#### PROBLEM REQUIREMENTS
Leave the pictures out and reproduce, exactly, the lines from the one with "654 West Briar" through the end of the entries below.

[[ MATERIALS PROVIDED, beginning ]]

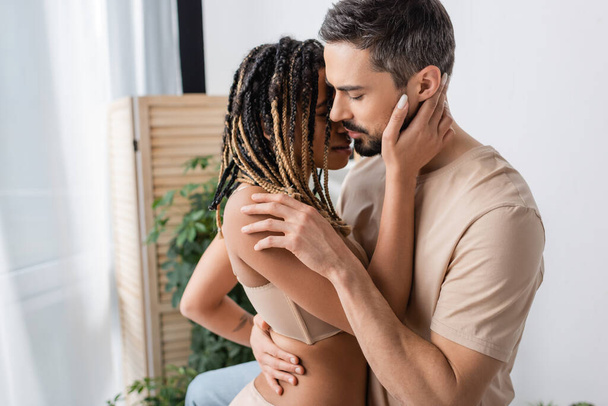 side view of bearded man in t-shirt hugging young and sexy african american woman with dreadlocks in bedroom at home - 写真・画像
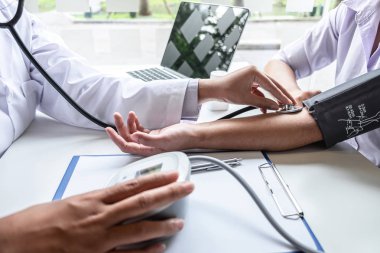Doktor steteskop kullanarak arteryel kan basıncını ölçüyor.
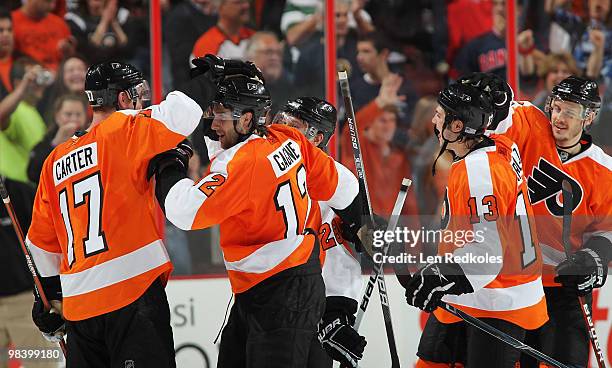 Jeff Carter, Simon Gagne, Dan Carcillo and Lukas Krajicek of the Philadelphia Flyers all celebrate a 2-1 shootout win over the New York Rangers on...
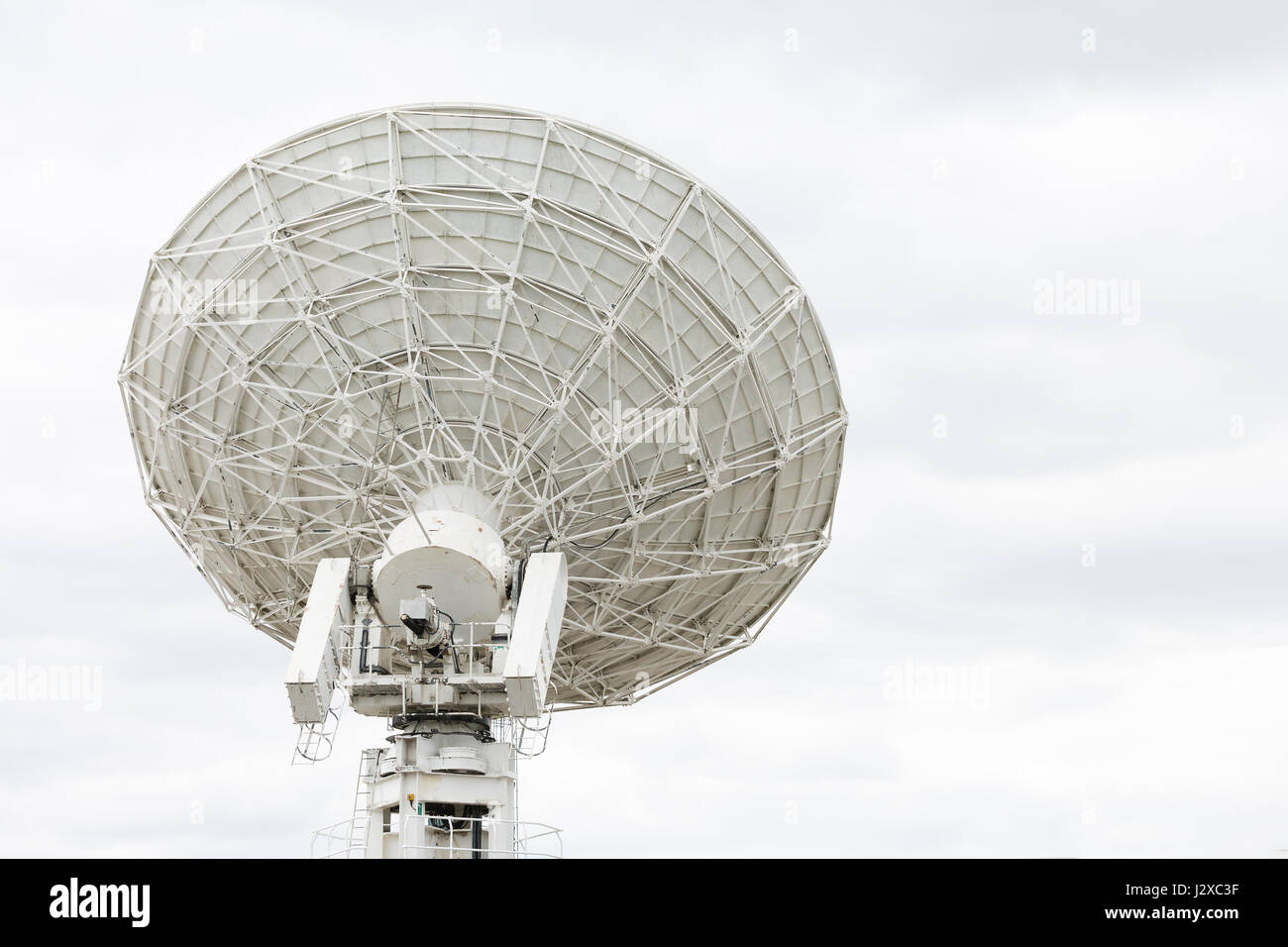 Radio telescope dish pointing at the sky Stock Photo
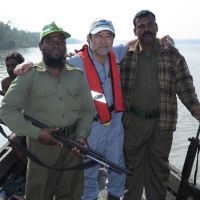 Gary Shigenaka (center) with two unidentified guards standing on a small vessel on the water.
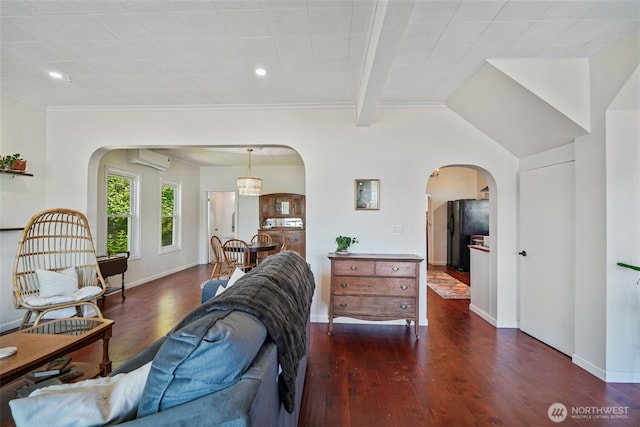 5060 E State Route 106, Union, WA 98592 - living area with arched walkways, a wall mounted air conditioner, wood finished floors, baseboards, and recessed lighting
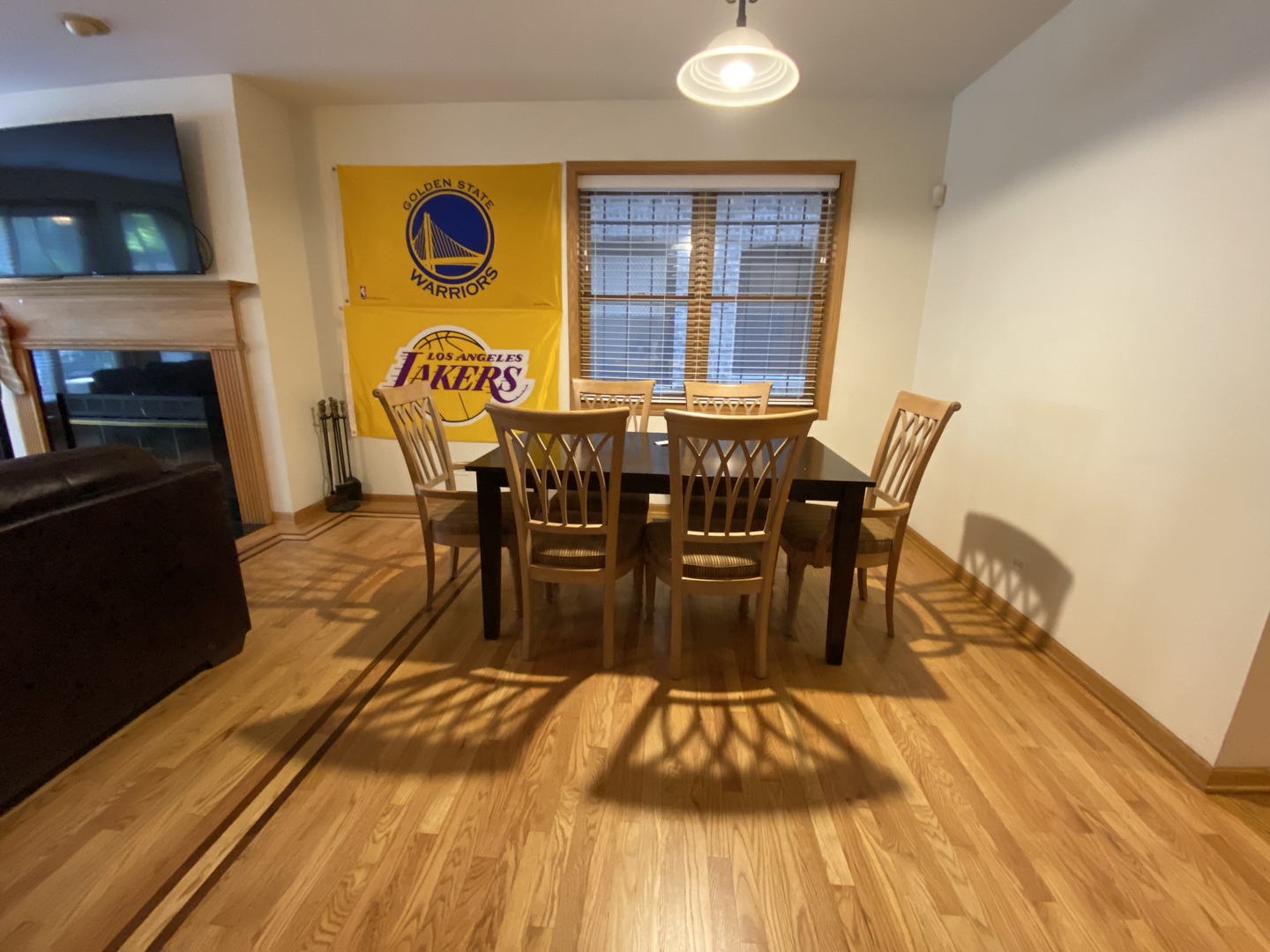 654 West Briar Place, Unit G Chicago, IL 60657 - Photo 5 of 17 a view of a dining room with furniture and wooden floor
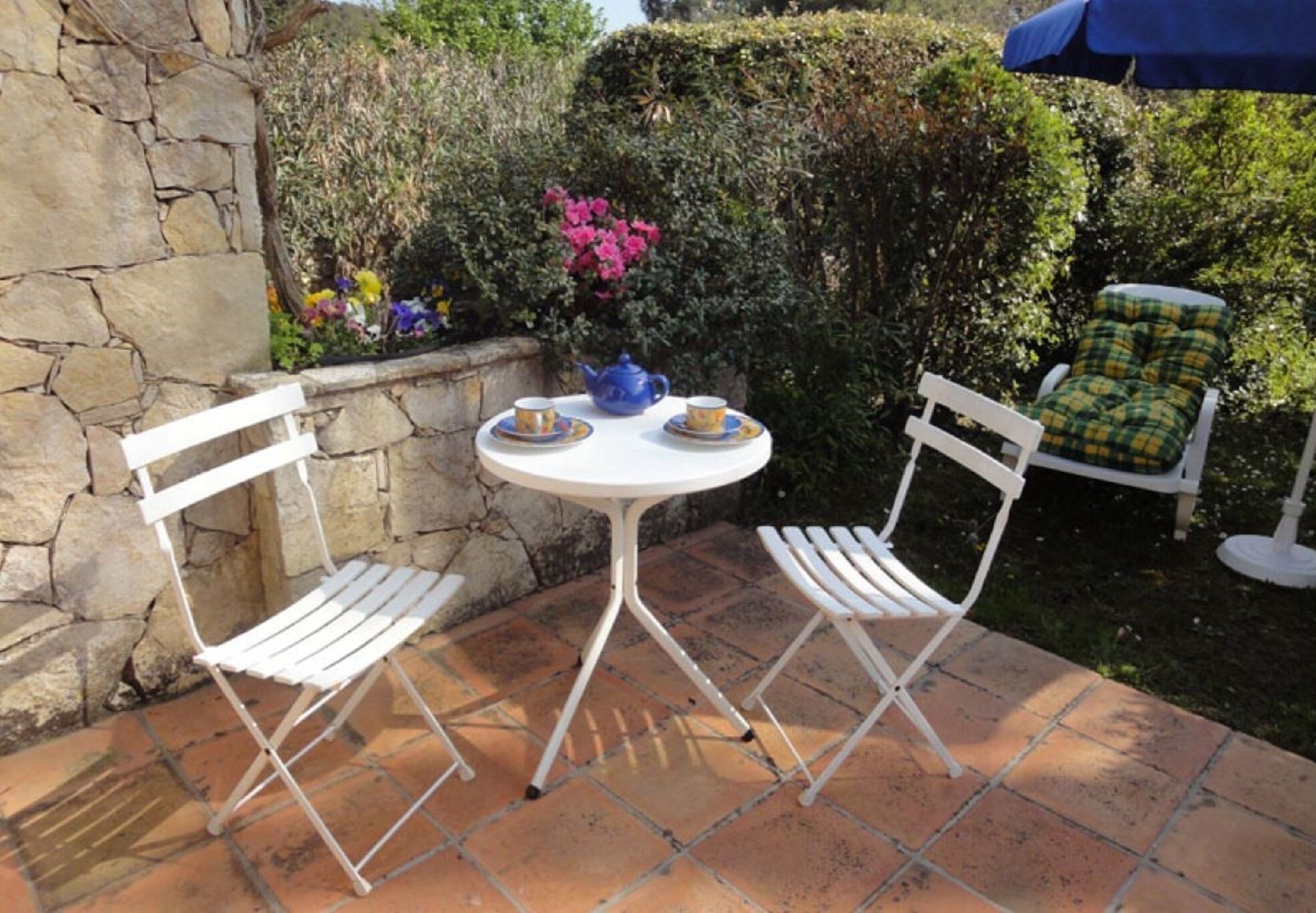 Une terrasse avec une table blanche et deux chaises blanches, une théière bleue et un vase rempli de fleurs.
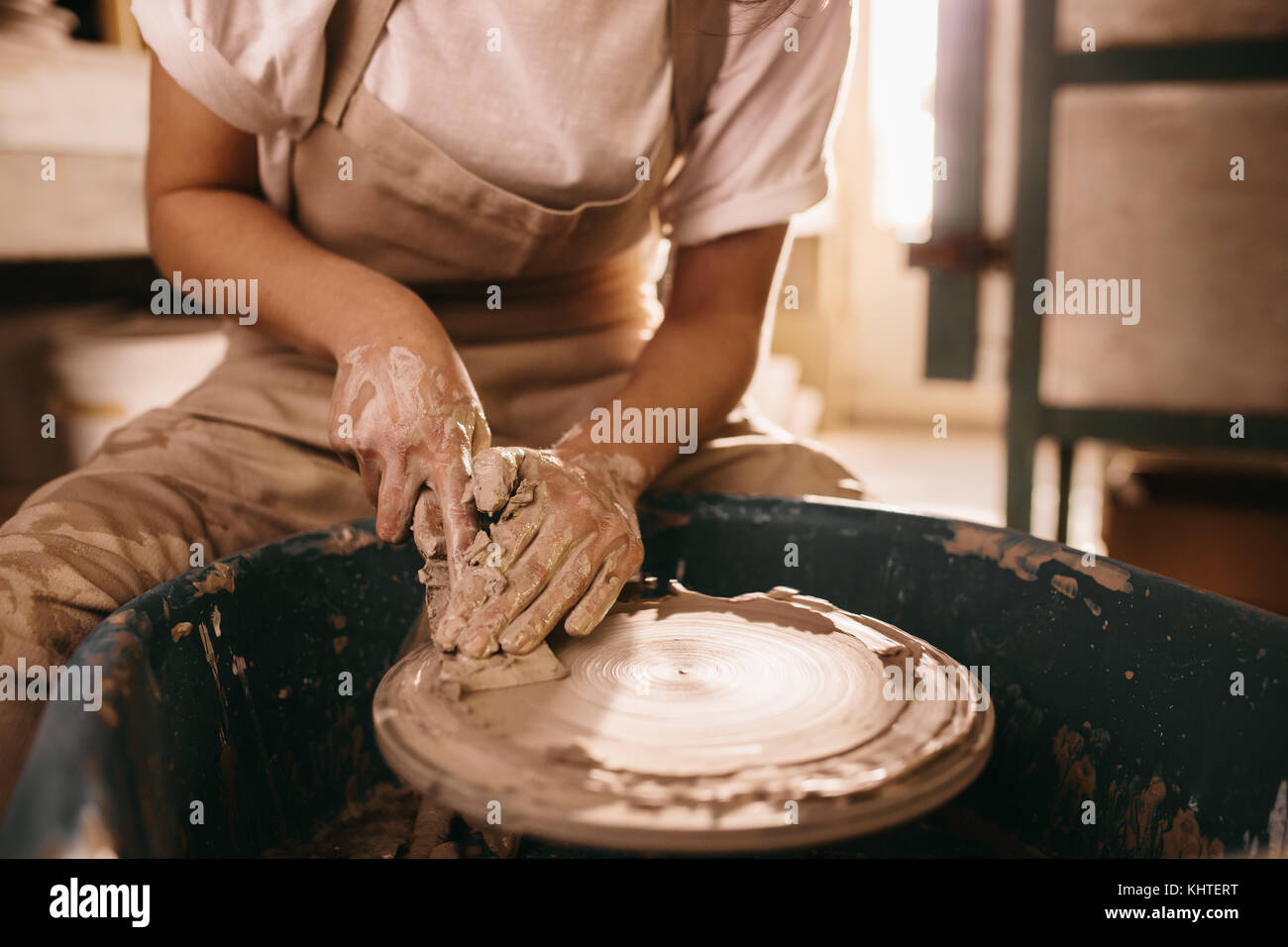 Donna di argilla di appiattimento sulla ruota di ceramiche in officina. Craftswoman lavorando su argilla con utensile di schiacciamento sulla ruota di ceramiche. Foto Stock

[[ MATERIALS PROVIDED, end ]]

#### OUTPUT
 654 West Briar Place, Unit G Chicago, IL 60657 - Photo 5 of 17 a view of a dining room with furniture and wooden floor
 Une terrasse avec une table blanche et deux chaises blanches, une théière bleue et un vase rempli de fleurs.
 Donna di argilla di appiattimento sulla ruota di ceramiche in officina. Craftswoman lavorando su argilla con utensile di schiacciamento sulla ruota di ceramiche. Foto Stock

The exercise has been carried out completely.